Love in Action

Monday, February 15, 2010

Athough often promoted as a romantic holiday for couples, Valentine’s Day has a wider meaning. Each year on February 14, people throughout North America and parts of Europe share tokens of love and affection with one another. Valentine’s Day celebrates every kind of love from friendship to romantic love and marriage.

Working to prevent child abuse and neglect is, at its heart, a loving act. The Merriam-Webster Dictionary has several definitions of love, including:

A strong affection for another arising out of kinship or personal ties: We may not have a personal relationship with every child we encounter, but it’s clear that we want what is best for all children. Our children are the future, and we have a personal stake in their well being.
Unselfish loyal and benevolent concern for the good of another: I met Captain Kangaroo (Bob Keeshan) years ago. In his speech that day he said something that has stayed with me ever since: “Even if you don’t like kids—and not everyone does—it makes sense to ensure that they are well cared for and prepared for a productive adulthood.” The Captain makes sense. He always did, even when I was four years old! Whether or not we are parents, we need to be loyal to and concerned for the next generation and our actions should reflect those values.

The frustrating part of prevention is that we hear a lot more about the problem than we do about solutions. Sometimes when I bring up the issue of prevention, people around me immediately begin discussing the latest horror-filled headline.
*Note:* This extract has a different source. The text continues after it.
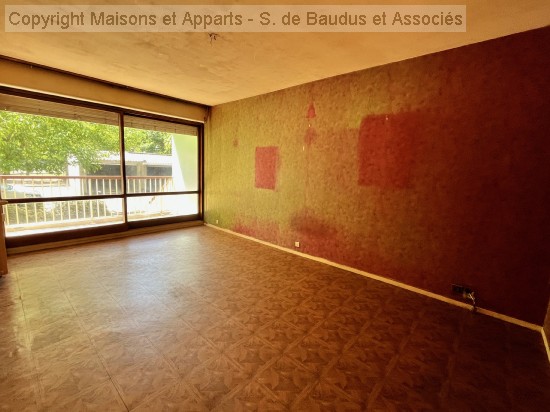 vente appartement ORLEANS 2 pieces, 52,43m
I know—it’s natural to go there. But going there leaves us nowhere else to go except to a place of powerlessness. We wring our hands and say, “But what can I do? How can I possibly make a difference?”
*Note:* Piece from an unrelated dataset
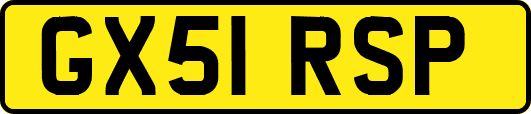 GX51RSP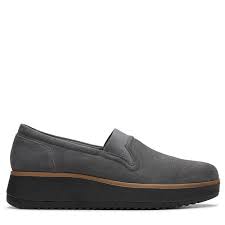 CLARKS# ZYLAH SKY GRIS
As advocates, we have enormous power to help our communities understand prevention by modeling prevention in its most practical forms. We can ask elected officials to support programs and services that help children and families. We can ask our schools to sponsor classes and support programs for new parents. We can be good neighbors, offer to baby-sit, or donate our used children’s clothing for use by another family. We can respond to families in crisis and direct people to services. We can do our part to make our community a place where abuse and neglect is less likely to happen, and we can encourage others to do the same.

Let us remember the love behind the work of prevention. Let us give a year-long Valentine to our communities by working together to improve them.